**Data for this exercise**
━━━━━━━━

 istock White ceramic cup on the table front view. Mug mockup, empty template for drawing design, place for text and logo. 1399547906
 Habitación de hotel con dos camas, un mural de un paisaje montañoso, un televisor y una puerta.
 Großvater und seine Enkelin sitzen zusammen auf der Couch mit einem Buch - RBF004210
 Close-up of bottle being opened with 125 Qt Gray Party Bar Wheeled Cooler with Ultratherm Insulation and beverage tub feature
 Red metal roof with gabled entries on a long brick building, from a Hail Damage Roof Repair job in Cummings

━━━━━━━━

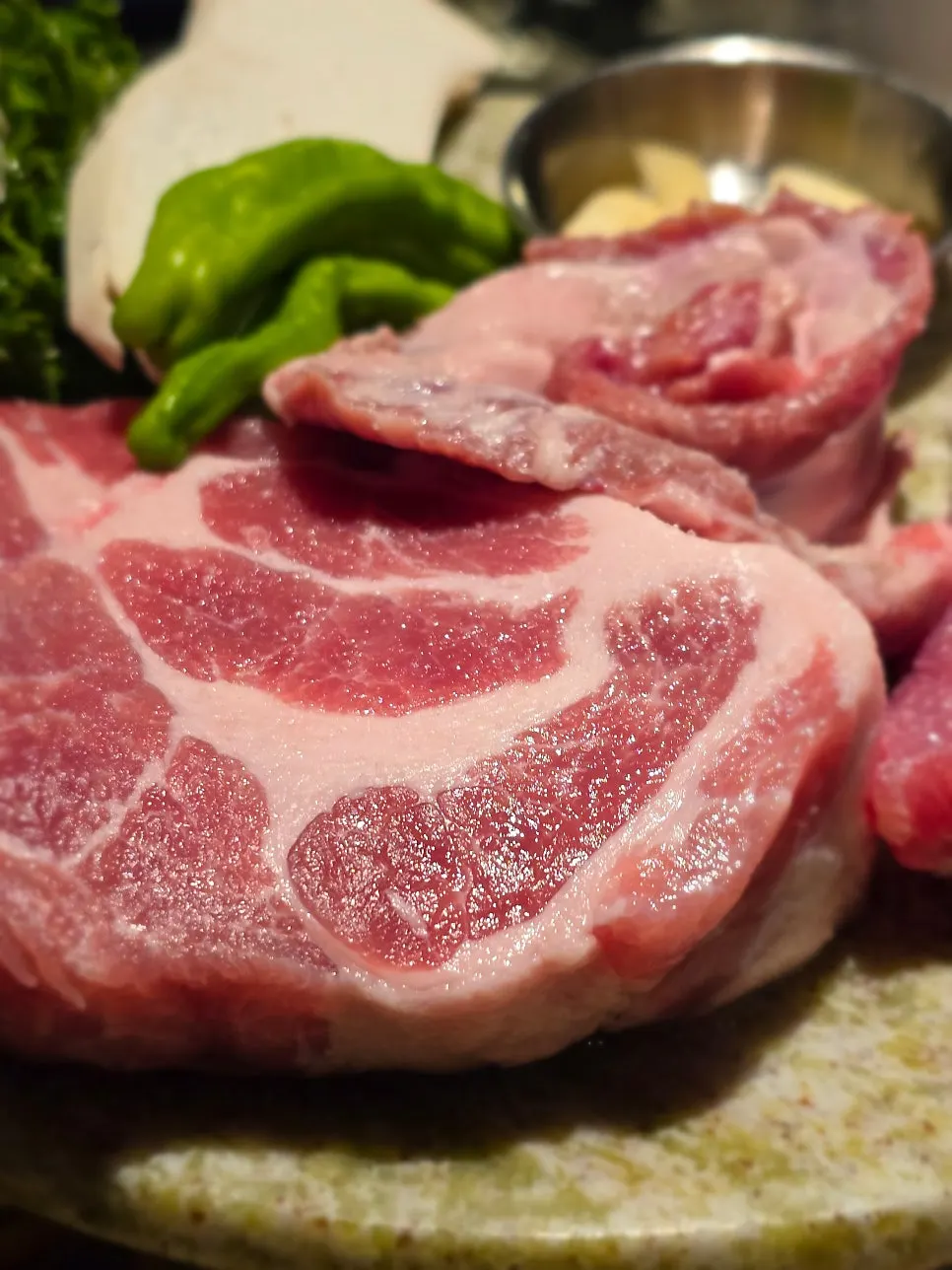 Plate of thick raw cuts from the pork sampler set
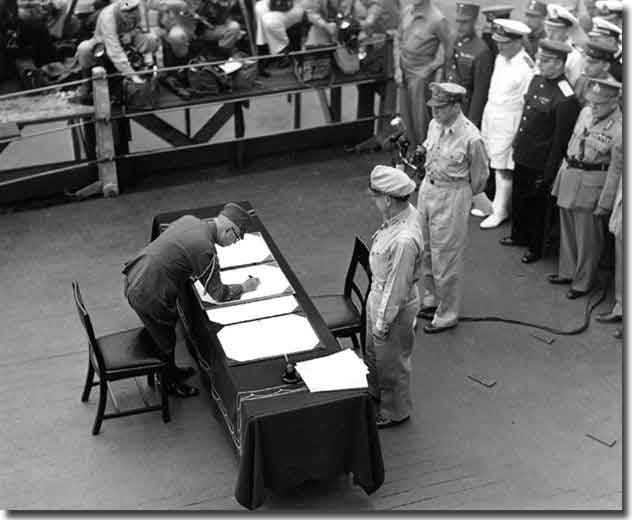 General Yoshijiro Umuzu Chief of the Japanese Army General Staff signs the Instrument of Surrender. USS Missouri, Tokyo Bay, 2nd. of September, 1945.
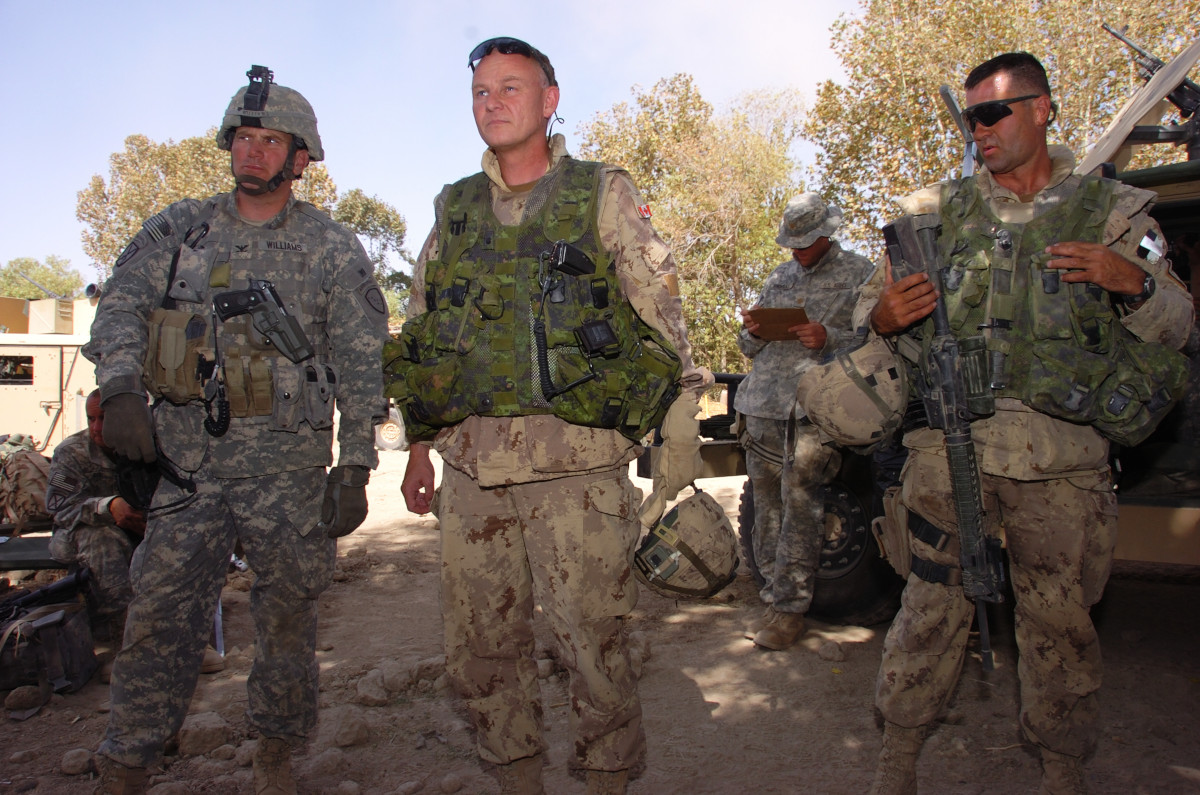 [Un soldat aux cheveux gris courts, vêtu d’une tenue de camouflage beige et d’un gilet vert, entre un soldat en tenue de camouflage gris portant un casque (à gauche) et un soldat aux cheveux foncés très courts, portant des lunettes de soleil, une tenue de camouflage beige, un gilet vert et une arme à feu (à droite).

━━━━━━━━

**What you will do**
Above are some records; quote exactly and only the lines that begin at the line containing "General Yoshijiro Umuzu" and stop after the line containing "[Un soldat aux", leaving out the pictures.

**Your response**
 General Yoshijiro Umuzu Chief of the Japanese Army General Staff signs the Instrument of Surrender. USS Missouri, Tokyo Bay, 2nd. of September, 1945.
 [Un soldat aux cheveux gris courts, vêtu d’une tenue de camouflage beige et d’un gilet vert, entre un soldat en tenue de camouflage gris portant un casque (à gauche) et un soldat aux cheveux foncés très courts, portant des lunettes de soleil, une tenue de camouflage beige, un gilet vert et une arme à feu (à droite).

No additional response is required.